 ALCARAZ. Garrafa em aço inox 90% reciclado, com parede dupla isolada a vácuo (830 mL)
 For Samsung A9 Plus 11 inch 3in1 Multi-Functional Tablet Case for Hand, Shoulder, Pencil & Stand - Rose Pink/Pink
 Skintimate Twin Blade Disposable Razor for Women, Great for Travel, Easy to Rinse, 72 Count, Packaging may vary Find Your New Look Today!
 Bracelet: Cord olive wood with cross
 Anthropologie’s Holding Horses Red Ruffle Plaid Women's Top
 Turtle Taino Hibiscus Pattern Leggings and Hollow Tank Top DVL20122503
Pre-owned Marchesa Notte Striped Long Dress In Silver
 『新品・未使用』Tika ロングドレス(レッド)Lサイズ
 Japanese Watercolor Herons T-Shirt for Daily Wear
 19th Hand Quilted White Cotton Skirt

= WHAT TO PRODUCE =
Using the listing above, return exactly, and only, the lines from the one that contains "Pre-owned Marchesa Notte" through its last line, both included.

= TASK SOLUTION =
Pre-owned Marchesa Notte Striped Long Dress In Silver
 『新品・未使用』Tika ロングドレス(レッド)Lサイズ
 Japanese Watercolor Herons T-Shirt for Daily Wear
 19th Hand Quilted White Cotton Skirt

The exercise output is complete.